+++ SOURCE RECORDS

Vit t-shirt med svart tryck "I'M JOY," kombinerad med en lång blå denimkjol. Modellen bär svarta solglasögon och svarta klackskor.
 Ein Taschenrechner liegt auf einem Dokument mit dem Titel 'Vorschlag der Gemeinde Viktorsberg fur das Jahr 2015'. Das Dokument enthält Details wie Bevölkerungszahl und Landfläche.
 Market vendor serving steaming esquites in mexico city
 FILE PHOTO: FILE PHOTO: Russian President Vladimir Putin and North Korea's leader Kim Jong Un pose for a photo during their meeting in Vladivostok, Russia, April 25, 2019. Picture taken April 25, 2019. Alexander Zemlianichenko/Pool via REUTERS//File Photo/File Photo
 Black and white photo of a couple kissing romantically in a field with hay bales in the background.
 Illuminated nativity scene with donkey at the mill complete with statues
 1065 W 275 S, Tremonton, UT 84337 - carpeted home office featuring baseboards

++++++

TASK ITEM: Could you give the data again, word for word?

RESULT BELOW:
Vit t-shirt med svart tryck "I'M JOY," kombinerad med en lång blå denimkjol. Modellen bär svarta solglasögon och svarta klackskor.
 Ein Taschenrechner liegt auf einem Dokument mit dem Titel 'Vorschlag der Gemeinde Viktorsberg fur das Jahr 2015'. Das Dokument enthält Details wie Bevölkerungszahl und Landfläche.
 Market vendor serving steaming esquites in mexico city
 FILE PHOTO: FILE PHOTO: Russian President Vladimir Putin and North Korea's leader Kim Jong Un pose for a photo during their meeting in Vladivostok, Russia, April 25, 2019. Picture taken April 25, 2019. Alexander Zemlianichenko/Pool via REUTERS//File Photo/File Photo
 Black and white photo of a couple kissing romantically in a field with hay bales in the background.
 Illuminated nativity scene with donkey at the mill complete with statues
 1065 W 275 S, Tremonton, UT 84337 - carpeted home office featuring baseboards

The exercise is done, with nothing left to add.